In this second part, I'll discuss other aspects you should consider during DaDaBIK apps development. I am a software developer with tens of years of experience but when I have to develop a typical enterprise application (business processes automation, dashboards/analytics, ..), I don't code it from scratch, I use DaDaBIK: typically I can finish the work in a fraction of time, avoiding repetitive tasks and focusing on the code that matters. That's why I think I can give some general advice to developers who are not expert low-coders yet.


Here are my suggestions. 


  1. Avoid, unless it's really, really the only way, to modify the DaDaBIK core code to customize the layout of your applications. There are some PHP core files that you can, if you want, modify (for example /views/results_grid.php or /views/form.php). If you are a coder, it's tempting because a little modification on form.php can render the form exactly as you like.
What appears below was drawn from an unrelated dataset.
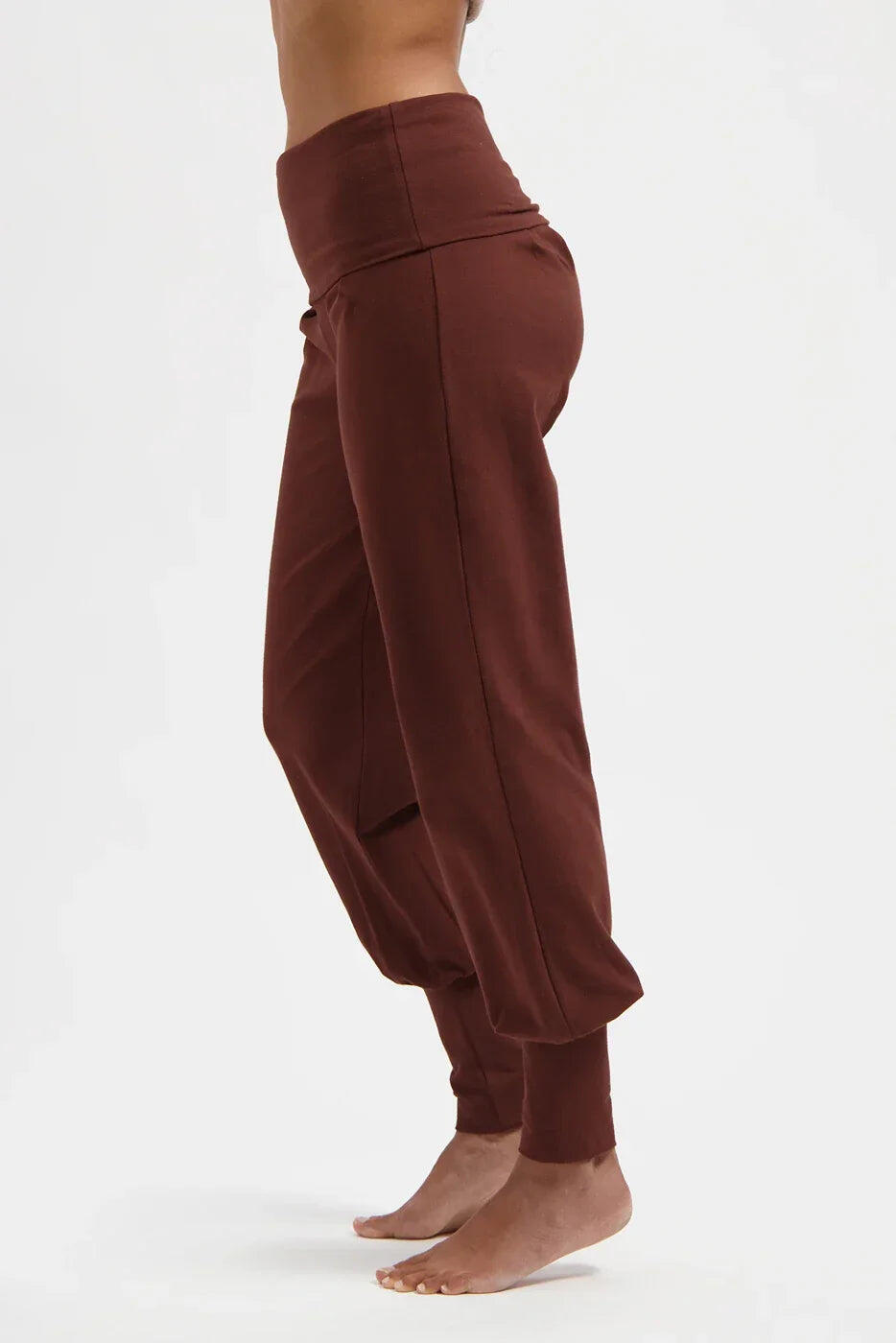 Devi - Comfortabele loosefit aladdin broek met omslagband- bio katoen- Bruin 2/5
However, when a new version of DaDaBIK comes out and you want to upgrade, your modifications will be overwritten and you have to re-apply them, maybe to a slightly different code.
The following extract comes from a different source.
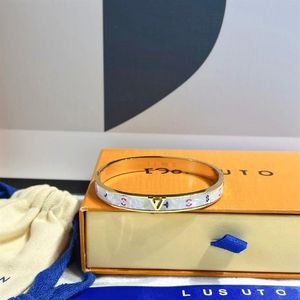 Designer quadrado flor pulseira pulseira de marca de luxo pulseiras de couro design de moda branco banhado a ouro pulseira jóias sênior cla210g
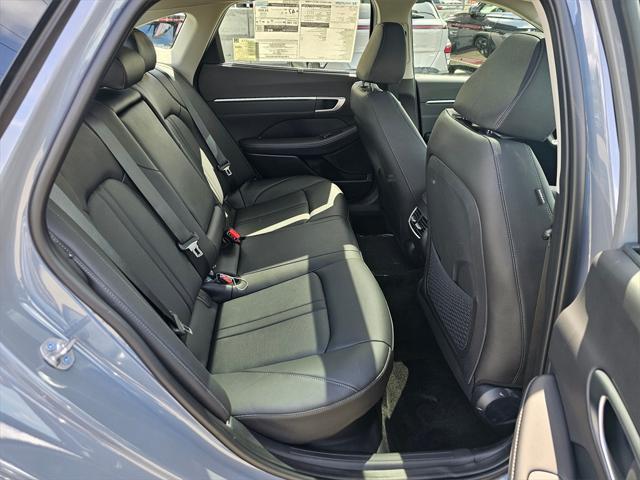 new 2025 Hyundai Sonata Hybrid car, priced at $37,980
    You can avoid that: not only the form configurator is now a quite complex tool that allows you to customize your forms in great details, but there are at least three other ways to impact on the DaDaBIK layout without editing the DaDaBIK core code:


    • CSS: you can edit the styles_screen_custom.css file, a file dedicated to CSS customizations

    • Layout hooks: you can write your own code (PHP, HTML, Javascript) that will be executed when a particular part of the layout is rendered; for example, the customers before edit form header hook - long name, I know :) - is executed before displaying the header of the customers edit form

    • Datagrid templates: DaDaBIK, by default, creates standard reports: results grids representing the records you have in your table/view (or the results of a search). In case you want to represent your records using a different layout, you can optionally write your own HTML template.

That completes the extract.